*** PROVIDED ENTRIES ***

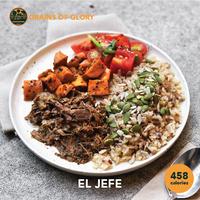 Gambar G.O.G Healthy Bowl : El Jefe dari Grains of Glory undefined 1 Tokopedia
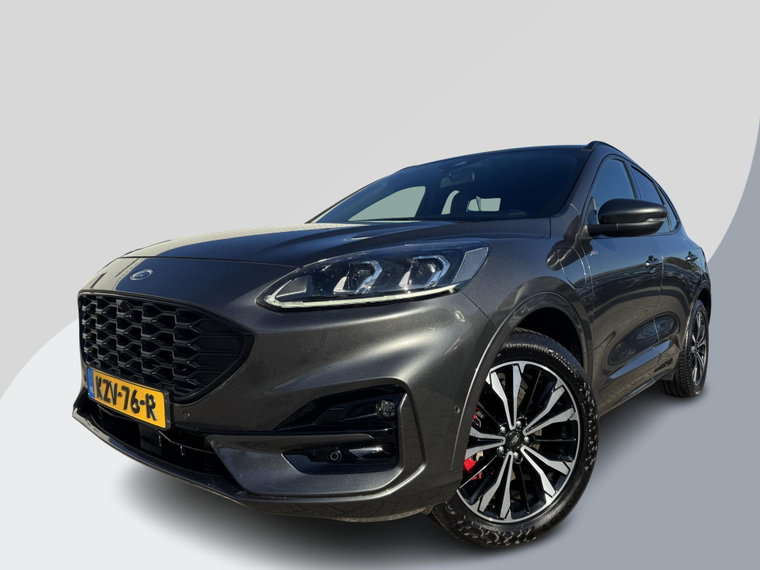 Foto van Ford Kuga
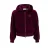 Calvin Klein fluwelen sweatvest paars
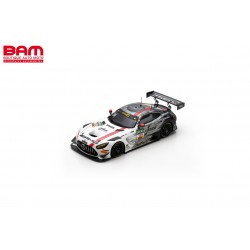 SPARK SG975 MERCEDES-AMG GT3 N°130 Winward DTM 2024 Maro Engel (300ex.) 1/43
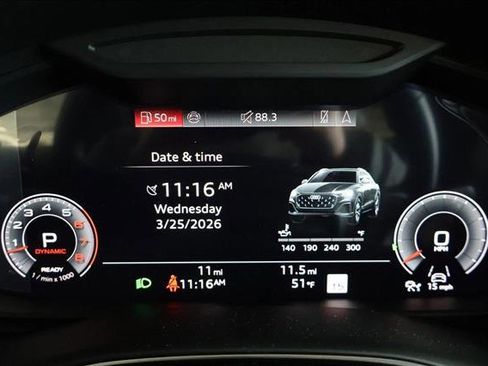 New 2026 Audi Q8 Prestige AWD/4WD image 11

***
*** PROVIDED ENTRIES ***

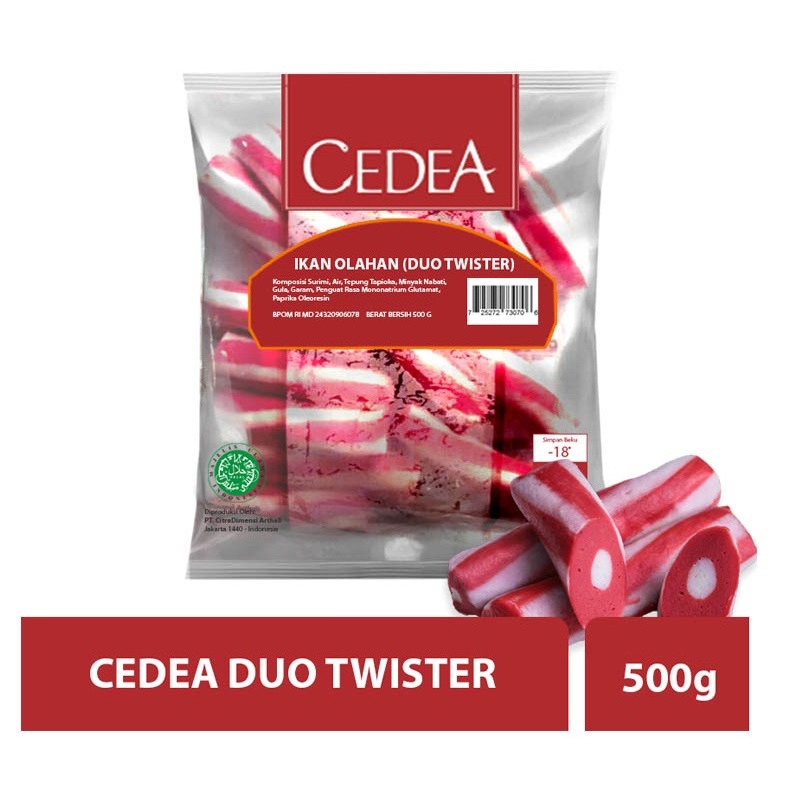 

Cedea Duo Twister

***

Look above and copy only the lines from the one holding "Calvin Klein fluwelen sweatvest paars" to the one holding "New 2026 Audi Q8 Prestige AWD/4WD image 11", both included, exactly, minus the pictures.

 Calvin Klein fluwelen sweatvest paars
 SPARK SG975 MERCEDES-AMG GT3 N°130 Winward DTM 2024 Maro Engel (300ex.) 1/43
 New 2026 Audi Q8 Prestige AWD/4WD image 11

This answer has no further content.